Sebelumnya, terdakwa Heru Hidayat juga telah dinyatakan bersalah melakukan tindak pidana korupsi berdasarkan putusan pengadilan yang telah berkekuatan hukum tetap (inkracht van gewijsde) dengan nilai kerugian keuangan negara sebesar Rp16,8 trilun. Atribusi yang dinikmati oleh terdakwa seluruhnya sebesar Rp10,7 triliun.

Menurut Leonard, skema kejahatan yang telah dilakukan oleh terdakwa baik dalam perkara a quo maupun dalam perkara korupsi sebelumnya pada PT. Asuransi Jiwasraya, sangat sempurna sebagai kejahatan yang complicated dan sophisticated, karena dilakukan dalam periode waktu sangat panjang dan berulang-ulang, melibatkan banyak skema termasuk kejahatan sindikasi yang menggunakan instrument pasar modal dan asuransi, menggunakan banyak pihak sebagai nominee dan mengendalikan sejumlah instrumen di dalam system pasar modal, menimbulkan korban baik secara langsung dan tidak langsung yang sangat banyak dan bersifat meluas.

“Secara langsung akibat perbuatan terdakwa telah menyebabkan begitu banyak korban anggota TNI, Polri dan ASN/PNS di Kemenhan yang menjadi peserta di PT. ASABRI. Hal ini ini juga termasuk dalam perkara korupsi pada PT. ASABRI termasuk pula korban-korban yang meluas terhadap ratusan ribu nasabah pemegang polis pada PT. Asuransi Jiwasraya yang tentu juga berdampak sangat besar dan serius bagi keluarganya,” jelasnya.

Perbuatan Terdakwa telah mencabik-cabik rasa keadilan masyarakat dan telah menghancurkan wibawa negara karena telah menerobos sistem regulasi dan sistem pengawasan di Pasar Modal dan Asuransi dengan sindikat kejahatan yang sangat luar biasa berani, tak pandang bulu, serta tanpa rasa takut yang hadir dalam dirinya dalam memperkaya diri secara melawan hukum.

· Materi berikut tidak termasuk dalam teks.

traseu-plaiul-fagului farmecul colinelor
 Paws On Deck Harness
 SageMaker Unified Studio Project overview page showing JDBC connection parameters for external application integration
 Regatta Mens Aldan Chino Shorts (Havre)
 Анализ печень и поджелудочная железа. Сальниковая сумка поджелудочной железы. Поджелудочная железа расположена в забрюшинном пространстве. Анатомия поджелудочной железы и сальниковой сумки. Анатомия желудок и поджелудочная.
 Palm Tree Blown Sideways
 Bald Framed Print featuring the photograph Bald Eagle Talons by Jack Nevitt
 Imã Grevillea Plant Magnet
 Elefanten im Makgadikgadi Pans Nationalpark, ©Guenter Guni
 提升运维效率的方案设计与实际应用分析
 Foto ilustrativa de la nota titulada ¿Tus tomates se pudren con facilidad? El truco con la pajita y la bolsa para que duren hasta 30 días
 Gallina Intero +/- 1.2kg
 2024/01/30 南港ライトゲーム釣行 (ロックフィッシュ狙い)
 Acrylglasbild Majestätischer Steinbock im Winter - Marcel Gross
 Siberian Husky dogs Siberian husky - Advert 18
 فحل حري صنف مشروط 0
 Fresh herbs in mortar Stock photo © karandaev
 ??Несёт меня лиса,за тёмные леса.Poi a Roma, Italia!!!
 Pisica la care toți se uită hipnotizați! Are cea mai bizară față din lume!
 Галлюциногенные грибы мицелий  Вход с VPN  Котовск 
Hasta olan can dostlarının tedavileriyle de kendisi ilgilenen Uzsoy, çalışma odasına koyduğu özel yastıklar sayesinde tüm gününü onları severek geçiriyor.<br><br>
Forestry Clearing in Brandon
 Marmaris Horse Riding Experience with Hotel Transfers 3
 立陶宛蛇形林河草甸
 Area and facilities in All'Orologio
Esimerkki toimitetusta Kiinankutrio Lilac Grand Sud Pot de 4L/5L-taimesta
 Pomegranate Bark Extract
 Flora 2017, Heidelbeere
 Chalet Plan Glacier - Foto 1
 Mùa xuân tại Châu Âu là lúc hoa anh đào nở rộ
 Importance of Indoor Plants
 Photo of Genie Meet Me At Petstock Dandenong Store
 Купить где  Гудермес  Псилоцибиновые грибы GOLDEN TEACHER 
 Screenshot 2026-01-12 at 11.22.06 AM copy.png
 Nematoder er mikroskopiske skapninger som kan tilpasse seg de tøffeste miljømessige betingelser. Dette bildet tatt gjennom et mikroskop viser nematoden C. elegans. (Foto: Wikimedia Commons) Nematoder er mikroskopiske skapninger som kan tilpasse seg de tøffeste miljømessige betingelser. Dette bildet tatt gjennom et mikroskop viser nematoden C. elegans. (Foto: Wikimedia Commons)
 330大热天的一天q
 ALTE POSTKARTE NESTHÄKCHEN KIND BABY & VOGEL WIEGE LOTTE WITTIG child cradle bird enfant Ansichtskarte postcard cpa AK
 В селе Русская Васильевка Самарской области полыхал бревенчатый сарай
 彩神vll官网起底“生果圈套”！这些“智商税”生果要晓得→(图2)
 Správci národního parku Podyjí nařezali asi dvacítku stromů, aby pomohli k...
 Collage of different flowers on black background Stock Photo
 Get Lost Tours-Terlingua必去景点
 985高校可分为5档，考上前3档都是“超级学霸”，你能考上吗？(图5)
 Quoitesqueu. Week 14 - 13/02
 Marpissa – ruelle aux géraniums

“Terdakwa tidak memiliki sedikitpun empati dengan beritikad baik mengembalikan hasil kejahatan yang diperolehnya secara sukarela serta tidak pernah menunjukkan bahwa perbuatan yang dilakukannya adalah salah, bahkan sebaliknya dengan sengaja berlindung pada suatu perisai yang sangat keliru dan tidak bermartabat bahwa transaksi di pasar modal adalah perbuatan perdata yang lazim dan lumrah,” kata Leonard.

Bahkan, sambungnya, terdakwa dalam persidangan tidak menunjukkan rasa bersalah apalagi suatu penyesalan sedikitpun atas pebuatan yang telah dilakukannya, telah jelas mengusik nilai-nilai kemanusiaan dan rasa keadilan sebagai bangsa yang sangat menjunjung nilai-nilai kemanusiaan dan keadilan.

Leonard menyebutkan, Heru Hidayat telah melakukan dua perbuatan korupsi yaitu dalam perkara Korupsi PT. AJS dan perkara Korupsi PT. Asabri, dimana keduanya bisa dipandang sebagai suatu niat dan objek yang berbeda, meskipun periode peristiwanya bersamaan (PT. AJS sejak 2008 s.d. 2018 dan PT. ASABRI sejak tahun 2012 s.d. 2019)

“Dalam perkara korupsi pada PT. ASABRI dilakukan oleh etrdakwa dilakukan sejak periode sejak tahun 2012 s.d. 2019 yang berdasarkan karakterisktik perbuatannya dilakukan secara berulang dan terus menerus yaitu pembelian dan penjualan saham yang mengakibatkan kerugian bagi PT. ASABRI,” jelas Leonard.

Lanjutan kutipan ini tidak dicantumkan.